Nach jeder Fürbitte ertönte der Bittruf "Kyrie eleison"; dabei wurde vor dem Kreuz ein Licht entzündet. Am Ende des Gebets umarmte und küsste der Papst das Kruzifix zum Zeichen der Reue. In seiner Predigt stellte Johannes Paul II. klar: Auch wo man nicht persönliche Verantwortung trage, "tragen wir in uns" aufgrund der Verbundenheit der Christen im mystischen Leib Christi "die Last der Irrtümer und Schuld der Vorfahren".

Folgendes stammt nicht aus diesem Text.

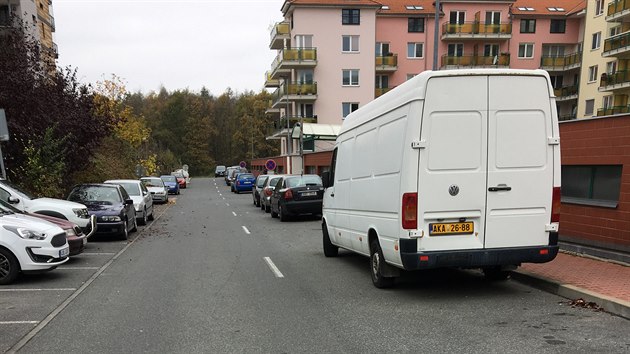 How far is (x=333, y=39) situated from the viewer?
151 feet

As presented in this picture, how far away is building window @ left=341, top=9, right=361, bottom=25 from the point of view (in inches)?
1799

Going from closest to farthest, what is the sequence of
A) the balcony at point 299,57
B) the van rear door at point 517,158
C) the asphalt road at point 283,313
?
1. the asphalt road at point 283,313
2. the van rear door at point 517,158
3. the balcony at point 299,57

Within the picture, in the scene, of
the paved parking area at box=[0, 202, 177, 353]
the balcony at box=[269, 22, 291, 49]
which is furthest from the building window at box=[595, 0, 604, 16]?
the paved parking area at box=[0, 202, 177, 353]

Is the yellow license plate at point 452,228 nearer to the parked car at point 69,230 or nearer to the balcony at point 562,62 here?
the parked car at point 69,230

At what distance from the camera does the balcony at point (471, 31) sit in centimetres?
4747

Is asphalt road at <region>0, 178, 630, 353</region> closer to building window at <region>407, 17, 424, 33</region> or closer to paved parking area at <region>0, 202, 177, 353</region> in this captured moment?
paved parking area at <region>0, 202, 177, 353</region>

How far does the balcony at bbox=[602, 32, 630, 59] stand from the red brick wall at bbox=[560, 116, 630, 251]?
33568 mm

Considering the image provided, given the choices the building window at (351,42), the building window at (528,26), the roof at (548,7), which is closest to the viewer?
the building window at (351,42)

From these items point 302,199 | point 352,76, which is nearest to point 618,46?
point 352,76

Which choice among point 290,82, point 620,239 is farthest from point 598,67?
point 620,239

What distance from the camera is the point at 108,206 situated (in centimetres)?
1316

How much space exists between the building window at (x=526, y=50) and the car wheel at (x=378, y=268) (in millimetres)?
49936

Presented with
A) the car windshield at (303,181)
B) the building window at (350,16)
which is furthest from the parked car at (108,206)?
the building window at (350,16)

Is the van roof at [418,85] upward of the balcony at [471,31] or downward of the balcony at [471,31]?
downward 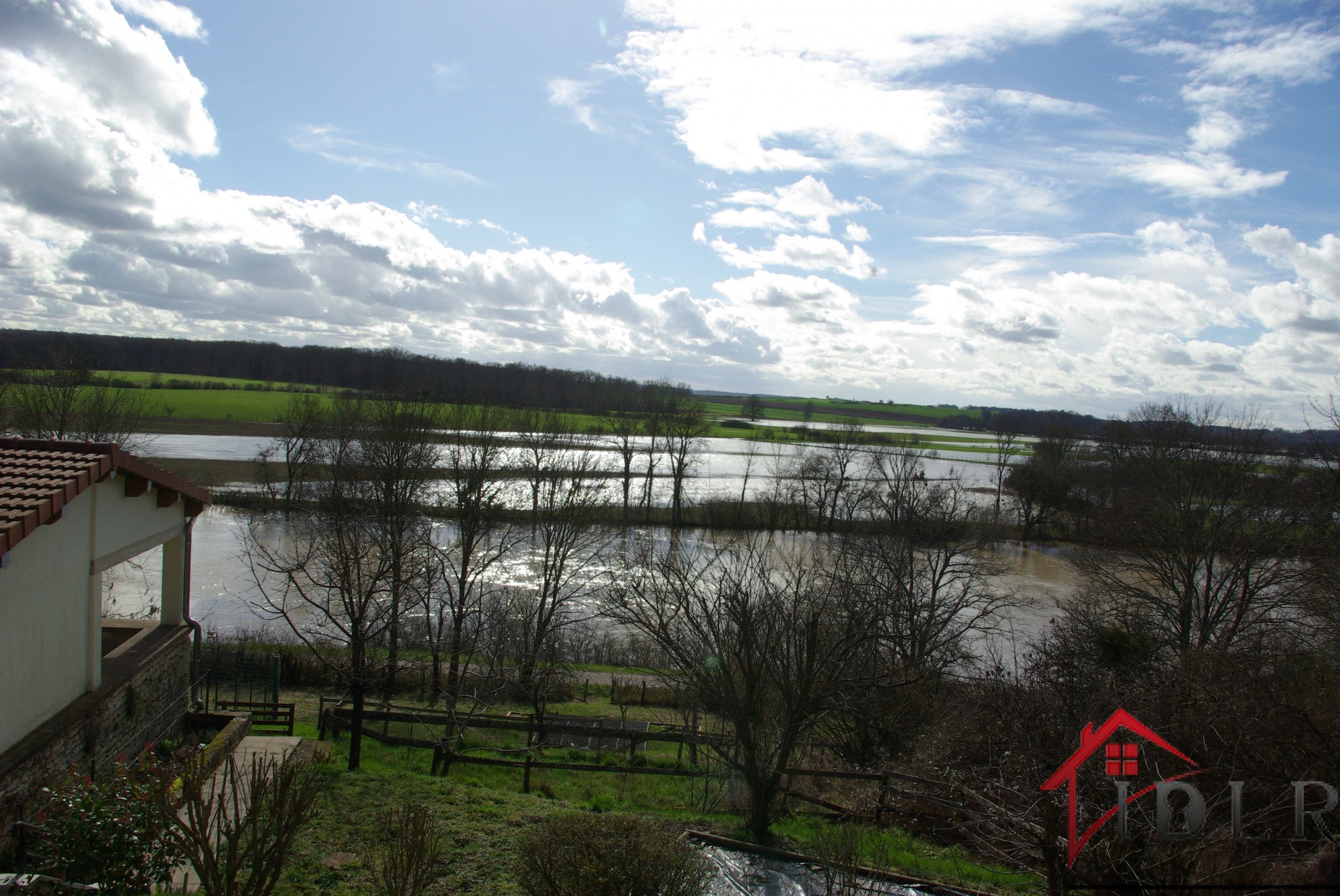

"Tag der Vergebung" markiete Übergang "vom Absolutismus zur Demut"

Das "Mea culpa" galt als revolutionär. Kirchenleute und Medien lobten den Mut des Papstes, der in einer "demütigen, nichts fordernden, einseitigen Geste um Vergebung" bat. Der "Tag der Vergebung" markiere den "endgültigen Übergang vom Triumphalismus zum Nachdenken, vom Absolutismus zur Demut".

Aber es gab auch Bedenken gegen die Initiative, die der Papst schon 1994 ins Gespräch gebracht hatte. Man könne kirchliches Handeln früherer Epochen nicht nach heutigen Maßstäben beurteilen, meinten Kritiker. Fremde Sünden könne man nicht bereuen; man dürfe sich nicht zum Richter über frühere Gläubige aufschwingen. Man könne nicht anderen an die Brust schlagen, die längst tot sind. Zudem wäre ein solches Schuldbekenntnis möglichen Missdeutungen und Manipulationen ausgesetzt. Ein reuiger Papst könnte Christen in islamischen Ländern angreifbar machen.

Gläubige an der Klagemauer in Jerusalem.
Bild: ©picture alliance / Bildagentur Huber (Archivbild)

Den Text seiner Vergebungsbitte schob Papst Johannes Paul II. bei einer Pilgerreise in eine Spalte der Klagemauer in Jerusalem.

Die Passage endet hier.